Blessed are the pure in heart, for they will see God (Matthew 5:8).
Do you believe that knowledge drives science? Think again. Unknowing drives it. Scientists ask questions and make observations with great care to rule out prejudice and alternative explanations. They test possible answers, but whether their findings support the hypothesis, they raise doubts and test new questions. The good scientist never knows, always wonders, insists on uncertainty to fuel the search for ever-elusive answers.
Unknowing similarly drives mysticism. During contemplative prayer, mystics suspend preconceived ideas to open their experience to whatever is. They ferret out inner obstacles to this openness, detaching from objects of desire that distract from the utterly mysterious God. The darkness of pure unknowing remains, and there the mystic waits, open to God’s self-disclosure in God’s time.

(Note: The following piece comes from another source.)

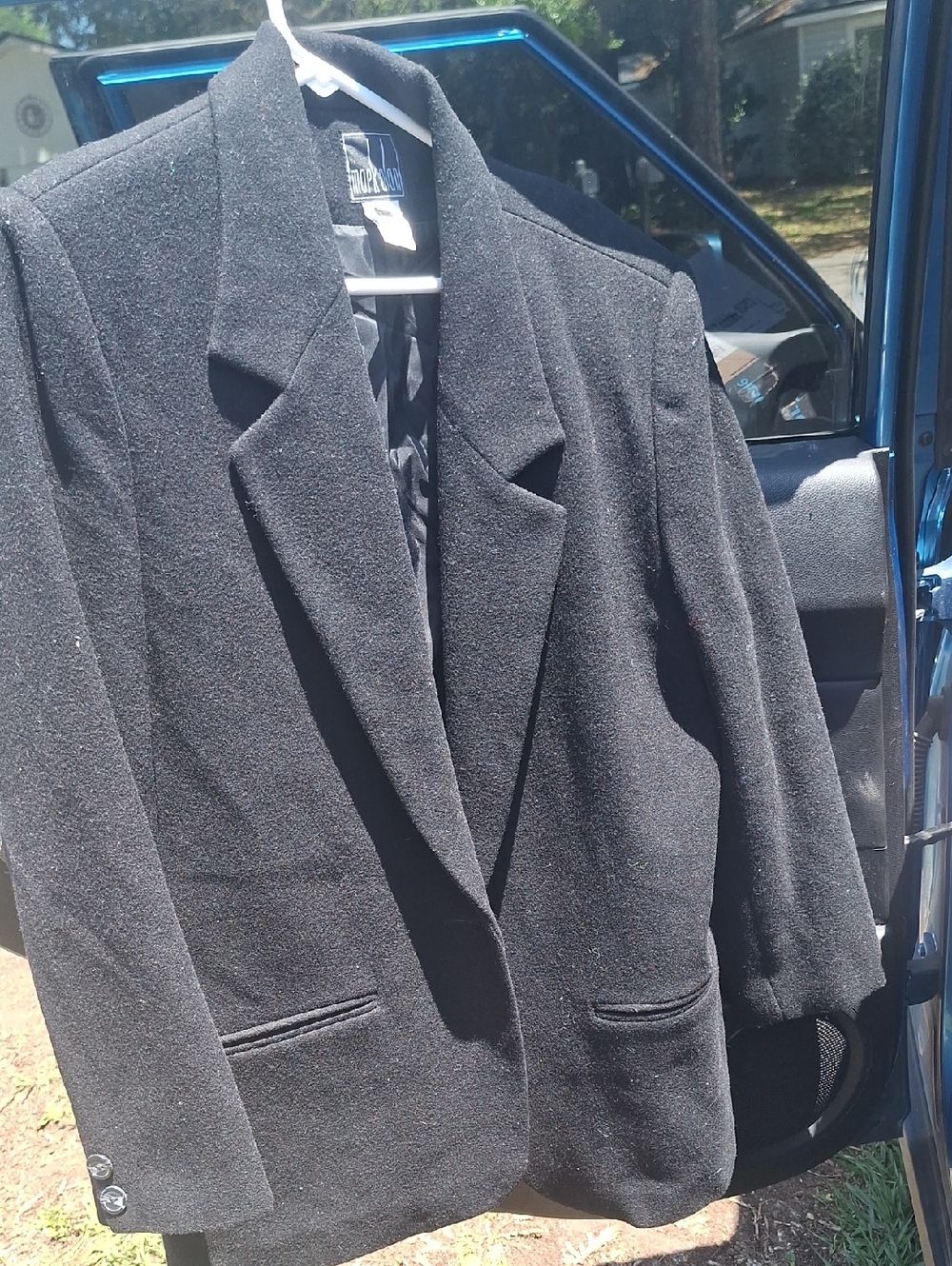 Black Women's Blazer - Classic Tailored Jacket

Scientists and mystics differ in the direction of their inquiry. Scientists limit their study to the natural, observable world “out there,” standing in pristine separation. They detach from personal stake in the results, and they see their subject, nature, as utterly indifferent to them. They use rational analysis to separate true from false.
Mystics observe a more open field, refusing to limit reality to observable nature, taking whatever is. They venture deep within to get there, and while they detach from distractions to keep that field open, they stake their lives on the search. They listen as reality addresses them personally even if silently, and they answer personally. Love leads them to discern true from false.

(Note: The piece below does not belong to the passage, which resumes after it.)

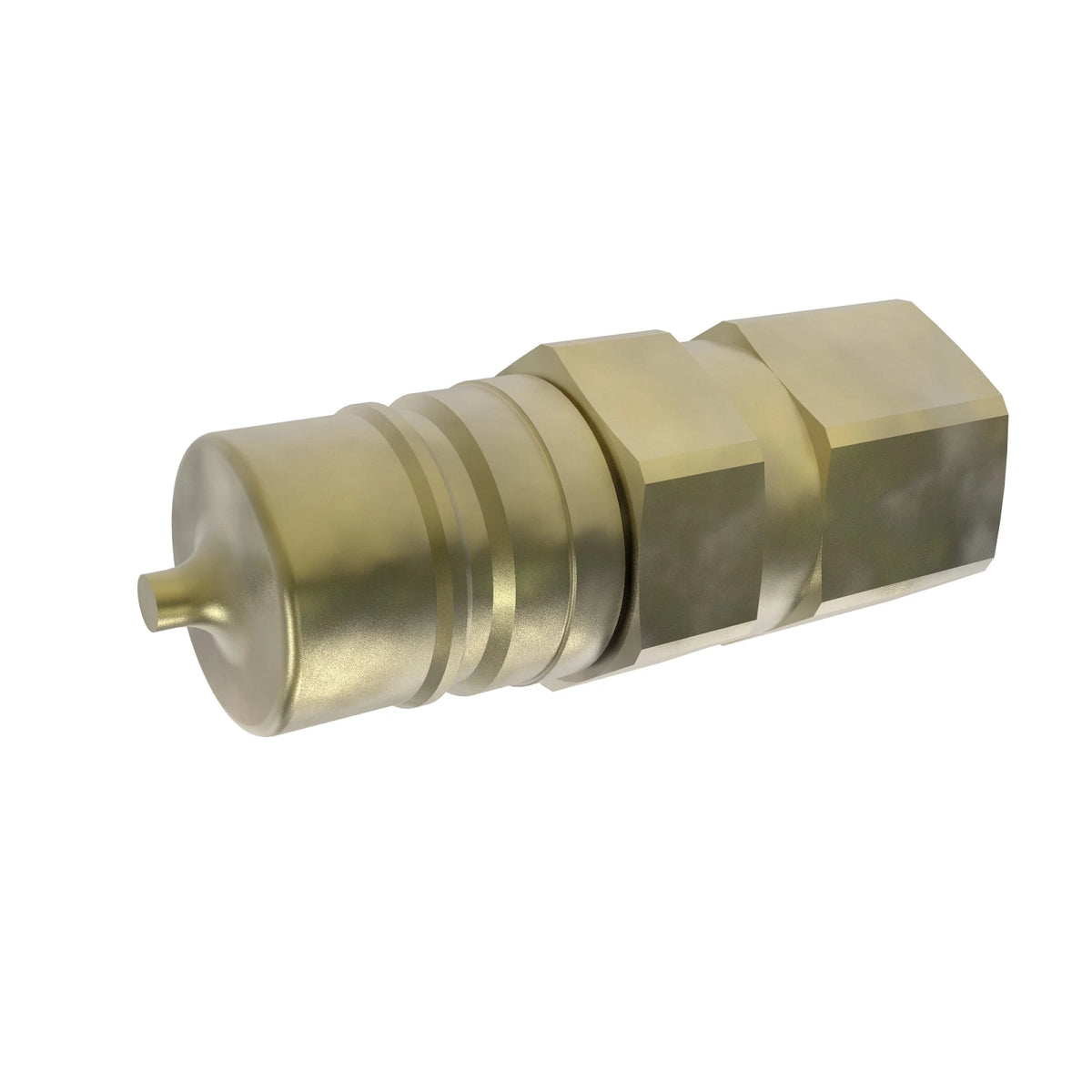 AL170668: Fits John Deere AL170668 Hydraulic Quick Coupler Plug – Genuine OEM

“My thoughts are not your thoughts, nor are your ways my ways,” (Isaiah 55:8), God said through the prophet to announce hope in a mercy no human can muster. Reality seems indifferent, the world merciless, hope a fool’s risk, but only in taking that risk, only in opening the heart in faith can we see the data of grace. Moses and the whole weary, confused, numb slave nation of Israel did not see the Red Sea part until they risked it all and arrived at the shore.

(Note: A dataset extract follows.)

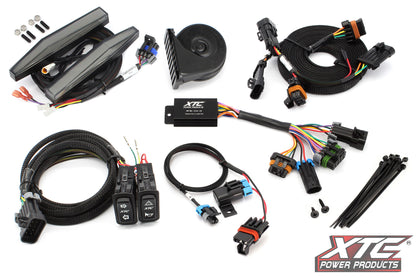 Auto Turn Signal Kit W/ Horn And Front Drl Lights Can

Contrary to the myth of the scientist’s purely objective standpoint atop the ivory tower –and most scientists agree that is a myth — we don’t get a morsel of data without the bias to look for it. Faith is that bias. When the truth we seek is a matter of ultimate concern, such as the meaning of our lives or loves, it takes more than a look. It takes a leap.
Depression flirts with resignation to the darkness, refusing to look, much less leap. Now I understand why God called me to contemplation at such a seemingly unlikely time, when my whole life hurt and every hope seemed twisted into a nightmare, when I felt more desperate than ever for definite answers. I needed to return to unknowing, not to the solutions that used to work but did not any more. God called me back to reality. To my astonishment, I found at the heart of things not a black hole, but love.